▶ ACTION ITEM
Go to the line containing "2026年西安市灞桥区义务教育学区划分（小学+初中）" in the records below and print it and every following line exactly, on through the line containing "Grafikonok: Stroke statistics", then stop.

▶ PROVIDED MATERIAL
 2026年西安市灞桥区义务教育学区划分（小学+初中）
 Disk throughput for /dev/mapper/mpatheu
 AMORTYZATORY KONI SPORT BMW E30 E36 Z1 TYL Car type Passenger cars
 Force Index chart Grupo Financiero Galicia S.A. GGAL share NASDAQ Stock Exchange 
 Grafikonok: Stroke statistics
---
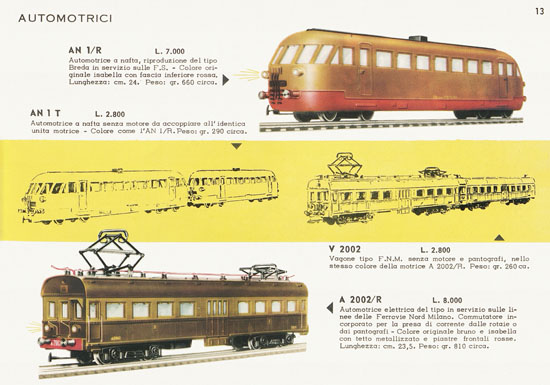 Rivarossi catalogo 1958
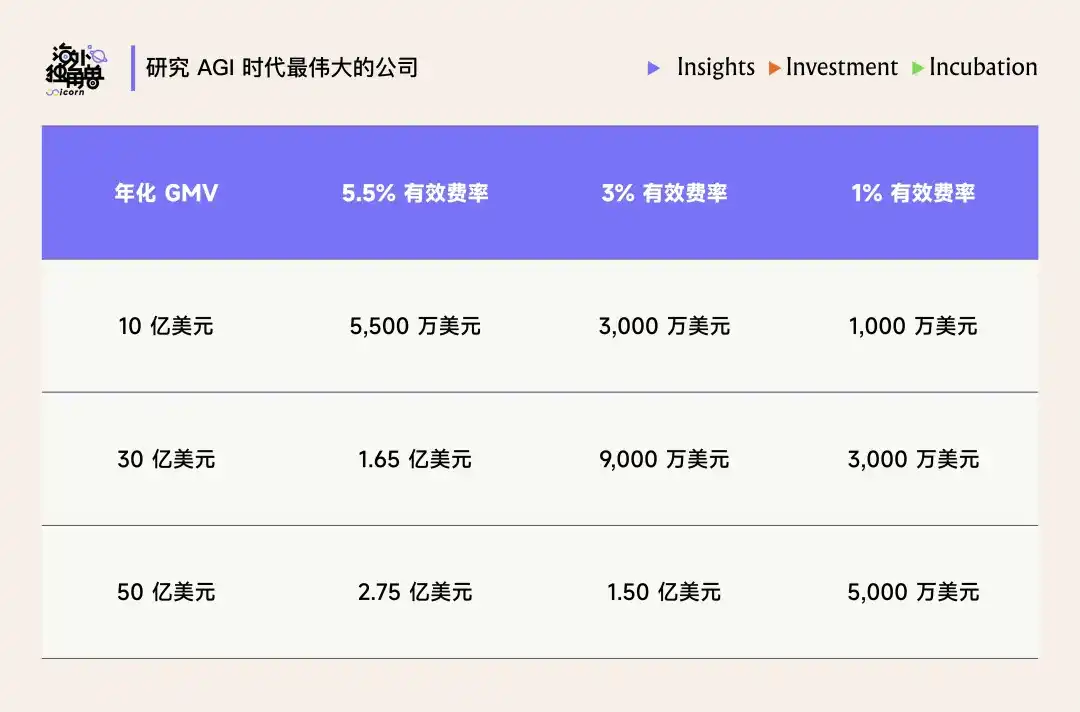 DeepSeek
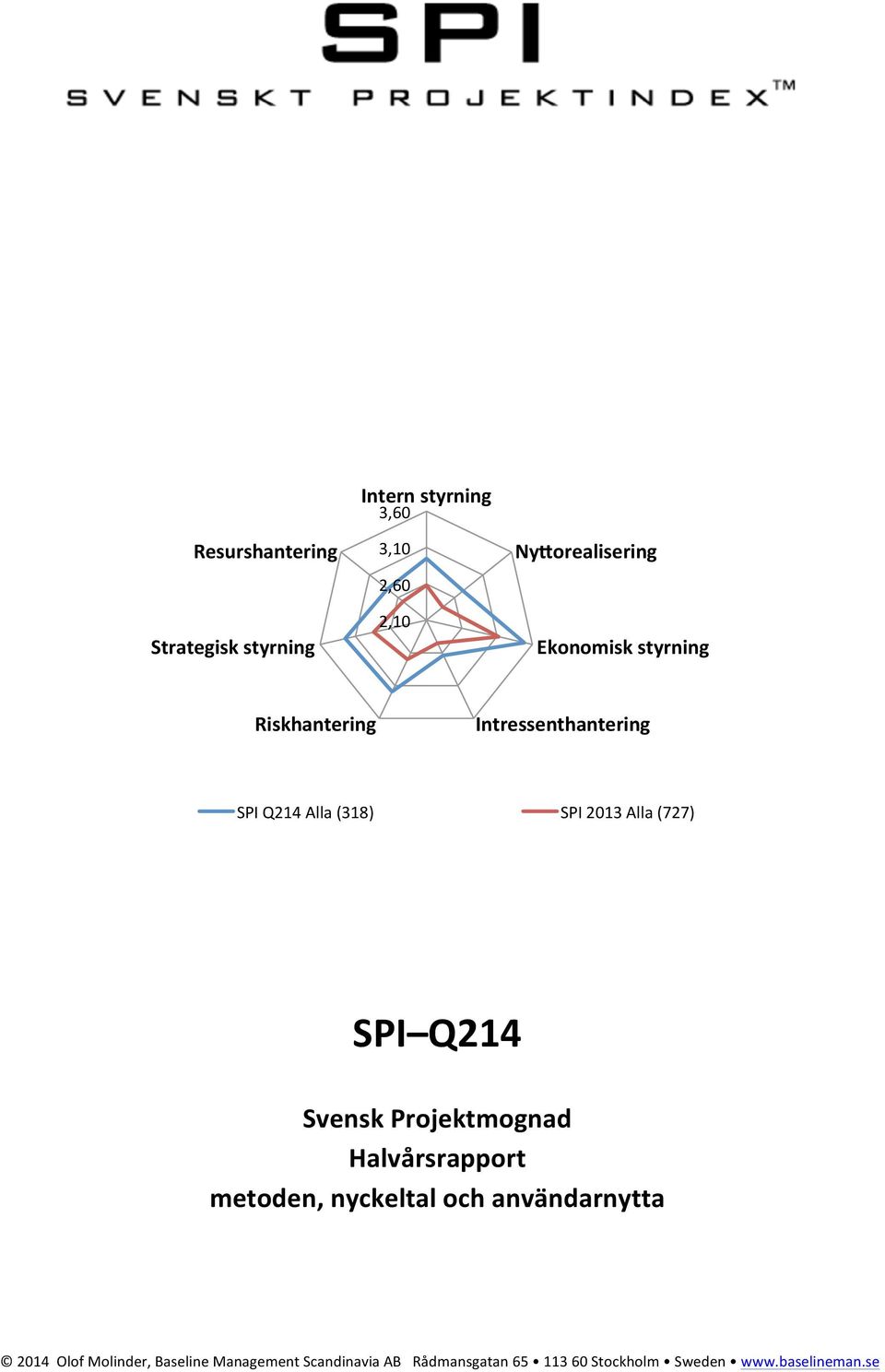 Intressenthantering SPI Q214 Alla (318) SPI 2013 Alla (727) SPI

▶ SOLUTION
 2026年西安市灞桥区义务教育学区划分（小学+初中）
 Disk throughput for /dev/mapper/mpatheu
 AMORTYZATORY KONI SPORT BMW E30 E36 Z1 TYL Car type Passenger cars
 Force Index chart Grupo Financiero Galicia S.A. GGAL share NASDAQ Stock Exchange 
 Grafikonok: Stroke statistics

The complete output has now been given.